### INPUT FOR THIS TASK
<<<<
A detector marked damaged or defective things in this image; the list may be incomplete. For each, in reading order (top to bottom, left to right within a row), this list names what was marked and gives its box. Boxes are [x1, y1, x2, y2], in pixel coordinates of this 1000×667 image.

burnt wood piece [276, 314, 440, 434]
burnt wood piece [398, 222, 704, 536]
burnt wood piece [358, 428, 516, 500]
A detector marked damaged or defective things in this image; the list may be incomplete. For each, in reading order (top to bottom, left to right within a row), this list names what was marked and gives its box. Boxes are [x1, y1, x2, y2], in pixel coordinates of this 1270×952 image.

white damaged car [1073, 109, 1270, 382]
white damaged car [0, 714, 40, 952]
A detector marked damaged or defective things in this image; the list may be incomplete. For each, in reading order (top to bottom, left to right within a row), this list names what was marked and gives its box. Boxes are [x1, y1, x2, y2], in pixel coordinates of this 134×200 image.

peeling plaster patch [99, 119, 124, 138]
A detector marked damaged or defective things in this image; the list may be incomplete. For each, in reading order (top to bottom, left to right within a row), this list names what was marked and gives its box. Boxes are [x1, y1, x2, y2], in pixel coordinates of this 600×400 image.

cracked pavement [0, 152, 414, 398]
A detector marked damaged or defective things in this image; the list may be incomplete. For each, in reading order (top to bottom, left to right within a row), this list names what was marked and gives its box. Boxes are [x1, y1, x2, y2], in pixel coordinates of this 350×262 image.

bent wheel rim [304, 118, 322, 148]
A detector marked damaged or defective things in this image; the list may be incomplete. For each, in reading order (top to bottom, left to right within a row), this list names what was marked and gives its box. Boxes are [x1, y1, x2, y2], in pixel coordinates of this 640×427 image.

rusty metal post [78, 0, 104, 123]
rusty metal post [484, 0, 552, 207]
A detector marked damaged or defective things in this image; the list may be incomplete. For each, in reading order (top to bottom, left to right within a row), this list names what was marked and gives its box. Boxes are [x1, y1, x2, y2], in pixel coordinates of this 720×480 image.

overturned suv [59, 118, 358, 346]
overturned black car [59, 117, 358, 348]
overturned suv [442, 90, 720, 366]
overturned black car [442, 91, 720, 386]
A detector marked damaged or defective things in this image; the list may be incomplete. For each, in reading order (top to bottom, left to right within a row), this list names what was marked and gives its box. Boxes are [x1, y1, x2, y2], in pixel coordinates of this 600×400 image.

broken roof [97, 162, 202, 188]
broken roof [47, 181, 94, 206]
>>>>
### TASK DESCRIPTION
Each line from the one containing "this 720×480 image." to the final line of the entries above must be returned exactly, and no other line may appear.

### ANSWER SPACE
A detector marked damaged or defective things in this image; the list may be incomplete. For each, in reading order (top to bottom, left to right within a row), this list names what was marked and gives its box. Boxes are [x1, y1, x2, y2], in pixel coordinates of this 720×480 image.

overturned suv [59, 118, 358, 346]
overturned black car [59, 117, 358, 348]
overturned suv [442, 90, 720, 366]
overturned black car [442, 91, 720, 386]
A detector marked damaged or defective things in this image; the list may be incomplete. For each, in reading order (top to bottom, left to right within a row), this list names what was marked and gives its box. Boxes are [x1, y1, x2, y2], in pixel coordinates of this 600×400 image.

broken roof [97, 162, 202, 188]
broken roof [47, 181, 94, 206]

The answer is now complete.